## SOURCE DATA
☆ ☆ ☆ ☆ ☆ ☆ ☆

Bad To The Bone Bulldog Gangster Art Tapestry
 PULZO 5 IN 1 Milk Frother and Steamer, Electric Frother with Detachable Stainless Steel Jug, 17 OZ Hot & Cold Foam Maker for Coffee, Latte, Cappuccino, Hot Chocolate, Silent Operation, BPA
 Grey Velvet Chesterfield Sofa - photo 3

☆ ☆ ☆ ☆ ☆ ☆ ☆

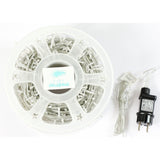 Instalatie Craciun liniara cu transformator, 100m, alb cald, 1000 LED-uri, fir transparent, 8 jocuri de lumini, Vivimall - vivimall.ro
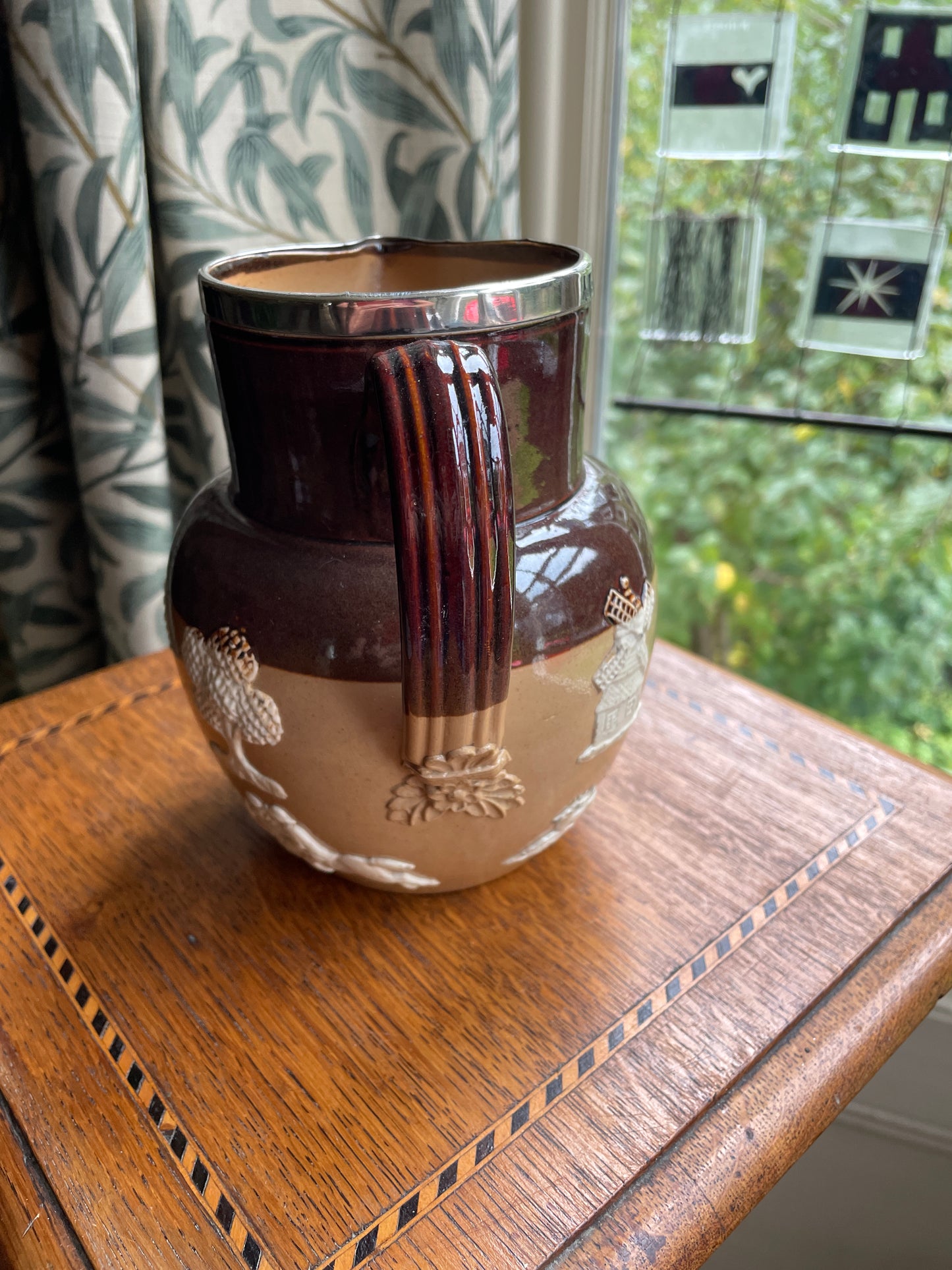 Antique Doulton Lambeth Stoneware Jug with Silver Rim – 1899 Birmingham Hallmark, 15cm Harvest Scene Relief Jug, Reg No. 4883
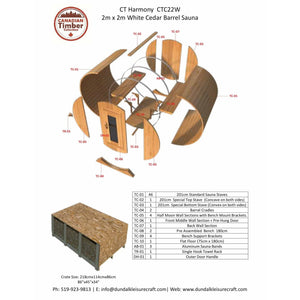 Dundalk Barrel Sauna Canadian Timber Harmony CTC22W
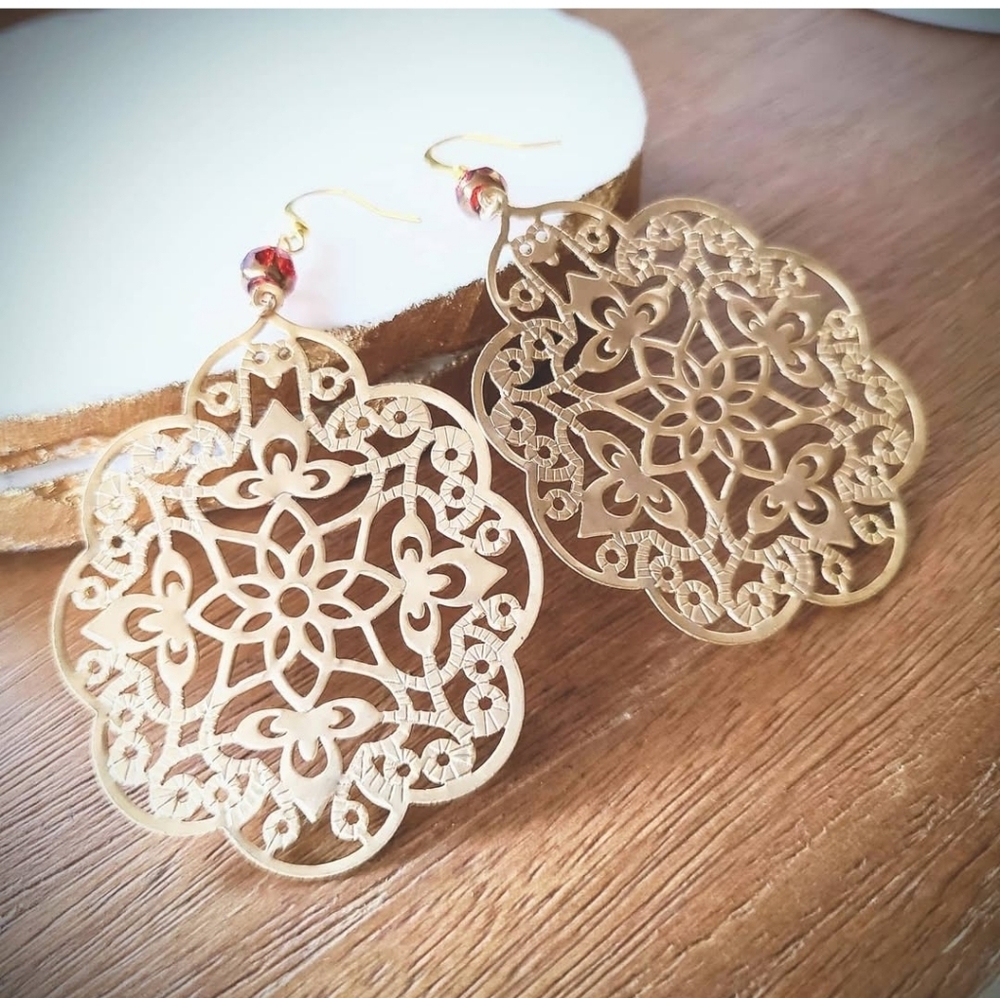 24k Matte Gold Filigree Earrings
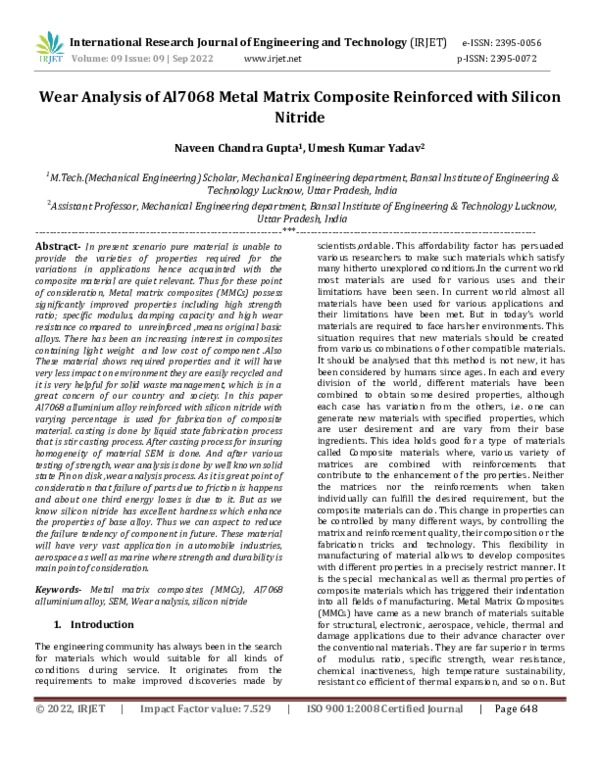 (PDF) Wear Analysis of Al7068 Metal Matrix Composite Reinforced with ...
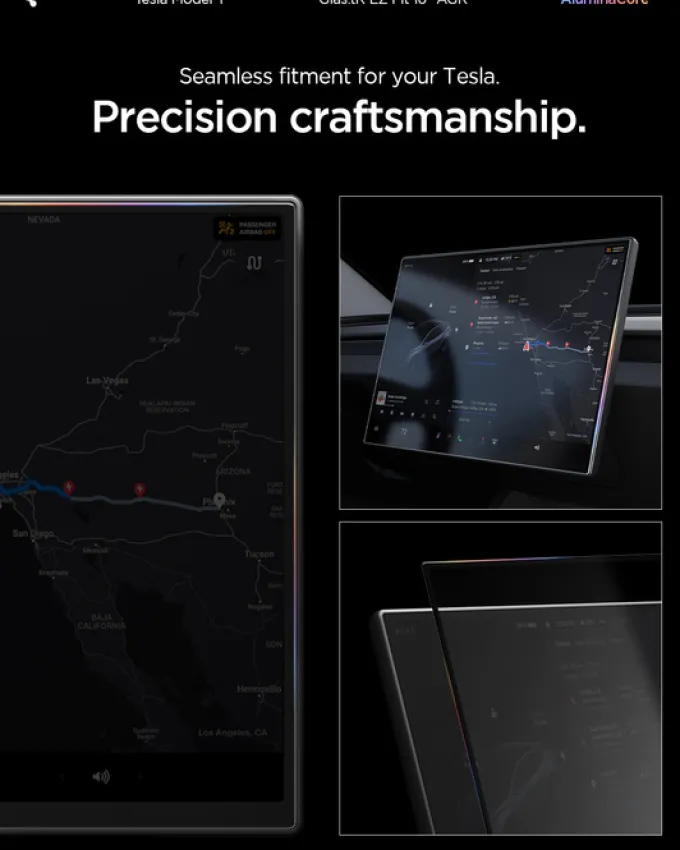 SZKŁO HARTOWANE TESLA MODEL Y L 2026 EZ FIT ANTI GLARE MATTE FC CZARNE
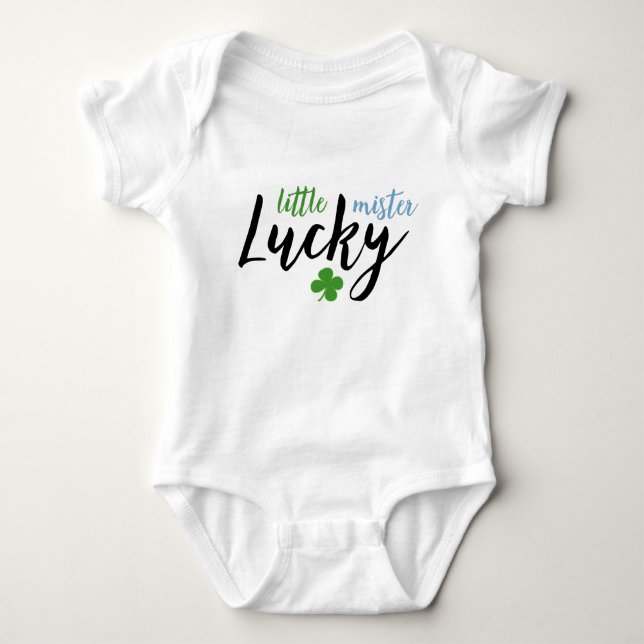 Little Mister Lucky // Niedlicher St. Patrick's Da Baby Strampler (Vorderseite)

☆ ☆ ☆ ☆ ☆ ☆ ☆

## REQUIRED ACTION
Give back exactly the lines above from the one with "Instalatie Craciun liniara" through the one with "24k Matte Gold Filigree Earrings", both included. Pictures don't belong in the copy.

## OUTPUT OF THE TASK
 Instalatie Craciun liniara cu transformator, 100m, alb cald, 1000 LED-uri, fir transparent, 8 jocuri de lumini, Vivimall - vivimall.ro
 Antique Doulton Lambeth Stoneware Jug with Silver Rim – 1899 Birmingham Hallmark, 15cm Harvest Scene Relief Jug, Reg No. 4883
 Dundalk Barrel Sauna Canadian Timber Harmony CTC22W
 24k Matte Gold Filigree Earrings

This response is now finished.